● **SOURCE RECORDS**

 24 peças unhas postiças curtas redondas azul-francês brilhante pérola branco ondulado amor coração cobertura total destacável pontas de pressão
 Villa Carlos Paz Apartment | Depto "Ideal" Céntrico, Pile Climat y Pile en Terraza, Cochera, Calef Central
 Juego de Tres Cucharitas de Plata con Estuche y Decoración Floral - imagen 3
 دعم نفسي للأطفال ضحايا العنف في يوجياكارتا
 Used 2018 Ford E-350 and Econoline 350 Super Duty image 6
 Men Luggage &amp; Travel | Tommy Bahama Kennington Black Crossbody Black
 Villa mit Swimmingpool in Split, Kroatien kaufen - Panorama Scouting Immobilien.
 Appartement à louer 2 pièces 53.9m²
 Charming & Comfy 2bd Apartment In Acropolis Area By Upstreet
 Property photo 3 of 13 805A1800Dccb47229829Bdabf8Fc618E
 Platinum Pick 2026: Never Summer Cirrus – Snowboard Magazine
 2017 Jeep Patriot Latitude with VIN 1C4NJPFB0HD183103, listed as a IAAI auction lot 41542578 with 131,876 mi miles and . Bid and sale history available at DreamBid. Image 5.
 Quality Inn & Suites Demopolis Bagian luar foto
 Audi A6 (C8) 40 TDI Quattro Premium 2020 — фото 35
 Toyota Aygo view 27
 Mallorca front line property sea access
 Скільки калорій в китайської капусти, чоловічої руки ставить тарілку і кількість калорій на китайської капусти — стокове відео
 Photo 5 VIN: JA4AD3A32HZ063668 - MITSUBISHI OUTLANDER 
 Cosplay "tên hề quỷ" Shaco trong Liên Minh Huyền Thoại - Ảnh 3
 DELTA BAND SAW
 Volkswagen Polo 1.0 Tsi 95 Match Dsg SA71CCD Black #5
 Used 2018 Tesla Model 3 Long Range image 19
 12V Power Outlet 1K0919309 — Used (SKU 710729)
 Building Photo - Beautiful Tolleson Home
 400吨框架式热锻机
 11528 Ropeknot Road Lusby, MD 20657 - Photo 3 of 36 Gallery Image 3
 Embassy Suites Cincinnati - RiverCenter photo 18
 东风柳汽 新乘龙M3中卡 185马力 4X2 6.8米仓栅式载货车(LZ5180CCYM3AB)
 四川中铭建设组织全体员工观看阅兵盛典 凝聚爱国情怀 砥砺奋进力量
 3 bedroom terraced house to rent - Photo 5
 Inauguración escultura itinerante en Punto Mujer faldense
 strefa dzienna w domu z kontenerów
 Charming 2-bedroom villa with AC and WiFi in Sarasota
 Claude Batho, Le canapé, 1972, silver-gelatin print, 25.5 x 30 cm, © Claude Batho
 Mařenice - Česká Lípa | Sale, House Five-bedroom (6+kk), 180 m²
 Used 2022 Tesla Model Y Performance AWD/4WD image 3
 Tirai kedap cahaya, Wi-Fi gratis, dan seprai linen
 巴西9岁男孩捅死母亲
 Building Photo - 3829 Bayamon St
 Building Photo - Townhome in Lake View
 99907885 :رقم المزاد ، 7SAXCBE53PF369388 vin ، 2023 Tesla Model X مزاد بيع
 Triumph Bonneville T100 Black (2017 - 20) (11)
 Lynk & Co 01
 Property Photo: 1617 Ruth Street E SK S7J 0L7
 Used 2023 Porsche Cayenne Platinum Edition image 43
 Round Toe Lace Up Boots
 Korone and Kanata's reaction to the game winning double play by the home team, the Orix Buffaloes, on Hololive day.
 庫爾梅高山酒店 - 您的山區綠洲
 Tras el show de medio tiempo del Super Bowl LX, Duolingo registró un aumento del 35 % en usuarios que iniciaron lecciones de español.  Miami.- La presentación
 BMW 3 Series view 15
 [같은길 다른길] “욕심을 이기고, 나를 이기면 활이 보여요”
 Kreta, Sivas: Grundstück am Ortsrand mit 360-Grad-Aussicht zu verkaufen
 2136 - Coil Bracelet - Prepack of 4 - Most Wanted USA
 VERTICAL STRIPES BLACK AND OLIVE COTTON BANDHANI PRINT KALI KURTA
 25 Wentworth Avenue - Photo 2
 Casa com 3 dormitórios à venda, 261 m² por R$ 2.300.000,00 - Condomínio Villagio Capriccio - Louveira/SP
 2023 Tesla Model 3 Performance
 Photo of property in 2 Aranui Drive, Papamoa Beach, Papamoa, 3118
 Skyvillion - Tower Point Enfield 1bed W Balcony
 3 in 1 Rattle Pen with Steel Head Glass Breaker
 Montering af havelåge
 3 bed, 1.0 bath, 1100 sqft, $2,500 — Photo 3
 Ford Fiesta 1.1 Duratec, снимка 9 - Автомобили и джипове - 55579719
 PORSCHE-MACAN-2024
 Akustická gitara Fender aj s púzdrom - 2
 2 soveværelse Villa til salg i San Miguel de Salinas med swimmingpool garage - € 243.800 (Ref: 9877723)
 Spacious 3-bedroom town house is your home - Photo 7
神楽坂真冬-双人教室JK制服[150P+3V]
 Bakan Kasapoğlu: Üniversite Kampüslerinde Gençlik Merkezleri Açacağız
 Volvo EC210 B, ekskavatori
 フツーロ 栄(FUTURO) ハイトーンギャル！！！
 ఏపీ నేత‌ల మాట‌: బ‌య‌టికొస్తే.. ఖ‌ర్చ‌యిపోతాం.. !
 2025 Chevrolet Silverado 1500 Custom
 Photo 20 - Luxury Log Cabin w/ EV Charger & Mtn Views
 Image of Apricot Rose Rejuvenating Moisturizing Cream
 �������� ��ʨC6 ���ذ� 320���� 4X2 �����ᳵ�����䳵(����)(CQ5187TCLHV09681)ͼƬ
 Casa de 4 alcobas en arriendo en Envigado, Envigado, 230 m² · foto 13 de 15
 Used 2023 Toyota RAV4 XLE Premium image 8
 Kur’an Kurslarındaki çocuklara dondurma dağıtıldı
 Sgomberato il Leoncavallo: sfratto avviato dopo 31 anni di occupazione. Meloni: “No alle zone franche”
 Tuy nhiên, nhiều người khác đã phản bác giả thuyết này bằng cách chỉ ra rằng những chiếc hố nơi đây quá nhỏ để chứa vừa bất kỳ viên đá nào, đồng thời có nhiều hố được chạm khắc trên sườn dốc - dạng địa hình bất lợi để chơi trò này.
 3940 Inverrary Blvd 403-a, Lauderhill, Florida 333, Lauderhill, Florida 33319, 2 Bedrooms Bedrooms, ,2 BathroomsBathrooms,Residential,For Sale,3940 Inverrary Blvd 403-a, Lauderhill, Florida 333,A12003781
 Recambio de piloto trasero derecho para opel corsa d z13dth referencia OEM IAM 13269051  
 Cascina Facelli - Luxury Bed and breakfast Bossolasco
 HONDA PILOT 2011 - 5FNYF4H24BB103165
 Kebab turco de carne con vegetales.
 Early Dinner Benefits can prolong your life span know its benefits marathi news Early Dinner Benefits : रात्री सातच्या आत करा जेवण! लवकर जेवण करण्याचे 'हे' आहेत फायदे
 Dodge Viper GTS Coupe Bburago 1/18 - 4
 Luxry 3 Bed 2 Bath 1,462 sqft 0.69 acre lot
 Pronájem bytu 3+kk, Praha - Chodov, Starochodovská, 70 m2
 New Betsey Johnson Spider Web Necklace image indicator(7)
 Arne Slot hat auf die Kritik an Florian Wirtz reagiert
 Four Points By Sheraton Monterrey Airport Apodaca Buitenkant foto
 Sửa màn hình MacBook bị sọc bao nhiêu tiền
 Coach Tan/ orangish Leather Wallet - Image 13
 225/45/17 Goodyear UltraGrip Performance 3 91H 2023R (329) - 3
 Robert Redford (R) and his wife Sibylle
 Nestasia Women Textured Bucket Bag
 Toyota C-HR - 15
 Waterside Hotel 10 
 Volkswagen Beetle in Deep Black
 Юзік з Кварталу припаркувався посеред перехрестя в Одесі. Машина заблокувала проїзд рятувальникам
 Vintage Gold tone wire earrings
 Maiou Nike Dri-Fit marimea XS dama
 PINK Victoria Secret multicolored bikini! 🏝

● **REQUIRED ACTION**
Report all lines of the data above that include the string "Tesla".

● **EXPECTED ANSWER**
 Used 2018 Tesla Model 3 Long Range image 19
 Used 2022 Tesla Model Y Performance AWD/4WD image 3
 99907885 :رقم المزاد ، 7SAXCBE53PF369388 vin ، 2023 Tesla Model X مزاد بيع
 2023 Tesla Model 3 Performance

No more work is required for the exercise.